Have the computer compute all the possible ways three dice can be thrown: 1 + 1 + 1, 1 + 1 + 2, 1 + 1 + 3, etc. Add up each of these possibilities and see how many give nine as the result and how many give ten. If more give ten, then the belief is proven.
I quickly worked out a brute force solution, as such
int sum,tens,nines;
tens=nines=0;
for(int i=1;i<=6;i++){
for(int j=1;j<=6;j++){
for(int k=1;k<=6;k++){
sum=i+j+k;
//Ternary operators are fun!
tens+=((sum==10)?1:0);
nines+=((sum==9)?1:0);
}
}
}
System.out.println("There are "+tens+" ways to roll a 10");
System.out.println("There are "+nines+" ways to roll a 9");
Which works just fine, and a brute force solution is what the teacher wanted us to do. However, it doesn't scale, and I am trying to find a way to make an algorithm that can calculate the number of ways to roll n dice to get a specific number. Therefore, I started generating the number of ways to get each sum with n dice. With 1 die, there is obviously 1 solution for each. I then calculated, through brute force, the combinations with 2 and 3 dice. These are for two:
There are 1 ways to roll a 2
There are 2 ways to roll a 3
There are 3 ways to roll a 4
There are 4 ways to roll a 5
There are 5 ways to roll a 6
There are 6 ways to roll a 7
There are 5 ways to roll a 8
There are 4 ways to roll a 9
There are 3 ways to roll a 10
There are 2 ways to roll a 11
There are 1 ways to roll a 12
Which looks straightforward enough; it can be calculated with a simple linear absolute value function. But then things start getting trickier. With 3:
There are 1 ways to roll a 3
There are 3 ways to roll a 4
There are 6 ways to roll a 5
There are 10 ways to roll a 6
There are 15 ways to roll a 7
There are 21 ways to roll a 8
There are 25 ways to roll a 9
There are 27 ways to roll a 10
There are 27 ways to roll a 11
There are 25 ways to roll a 12
There are 21 ways to roll a 13
There are 15 ways to roll a 14
There are 10 ways to roll a 15
There are 6 ways to roll a 16
There are 3 ways to roll a 17
There are 1 ways to roll a 18
So I look at that, and I think: Cool, Triangular numbers! However, then I notice those pesky 25s and 27s. So it's obviously not triangular numbers, but still some polynomial expansion, since it's symmetric.

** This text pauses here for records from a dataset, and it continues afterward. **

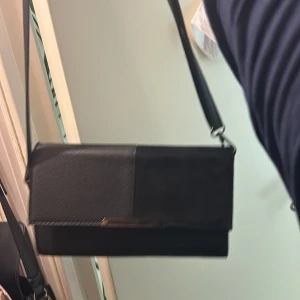Svart väska - Köpte den för flera år sedan men har aldrig haft användning för den då jag har många väskor som är liknande.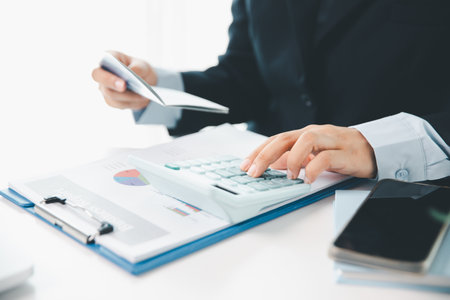 Business hands holding saving account passbook with calculator, account and saving concept. finance effectively, calculate income, track each bill and payment, accounting for bank statements and tax.の写真素材
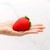 Buy the Strawberry 16-function Rechargeable Silicone Emoji Suction Vibrator in Red & Green - Emojibator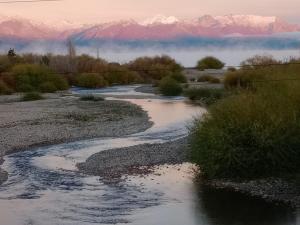 a river in the desert with mountains in the background at Atardecer en la Estepa in Dina Huapi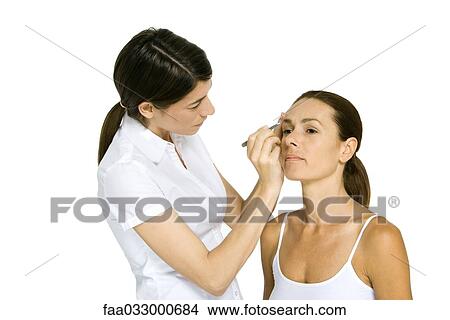 Picture - Woman having eyebrows tweezed, frowning. Fotosearch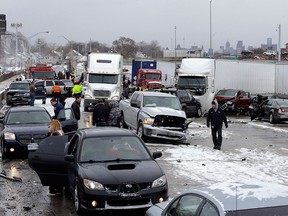 A section of multi-vehicle accident on Interstate 75 is shown in Detroit, Thursday, Jan. 31, 2013. Snow squalls and slippery roads led to a series of accidents that left at least three people dead and 20 injured on a mile-long stretch of southbound I-75. More than two dozen vehicles, including tractor-trailers, were involved in the pileups. (AP Photo/Paul Sancya)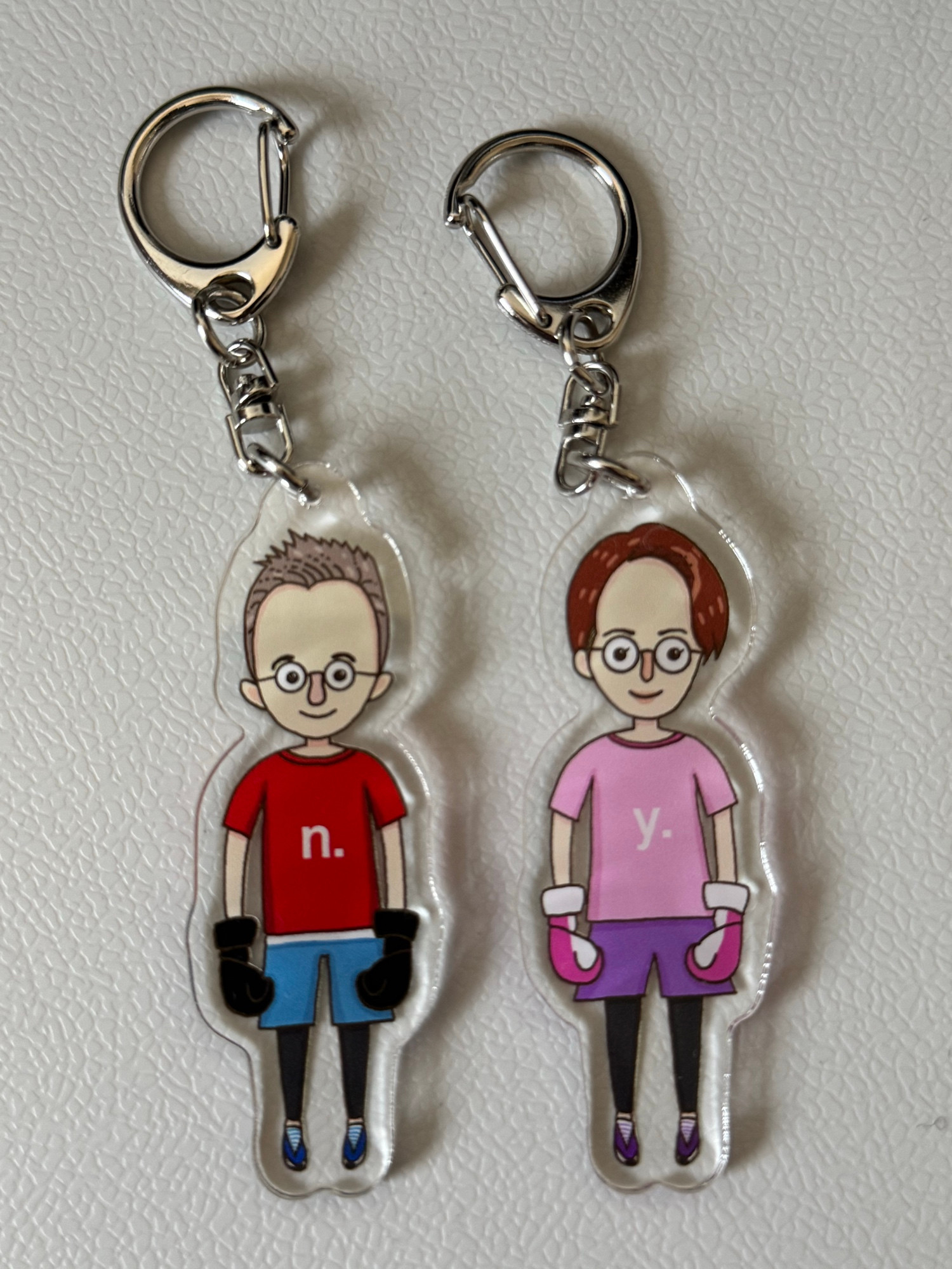 Two key rings with illustrations of a male and a female character in kickboxing sports gear.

So I take to Google, and I come across this page that goes into some detail about how to do this with math. It is fairly easy(albeit long) to find this using repeated derivatives or expansion, but it would be much harder to program that for me. I didn't quite understand the second and third answers, since I have never encountered that notation or those concepts in my math studies before. Could someone please explain how I could write a program to do this, or explain the solutions given on that page, for my own understanding of combinatorics?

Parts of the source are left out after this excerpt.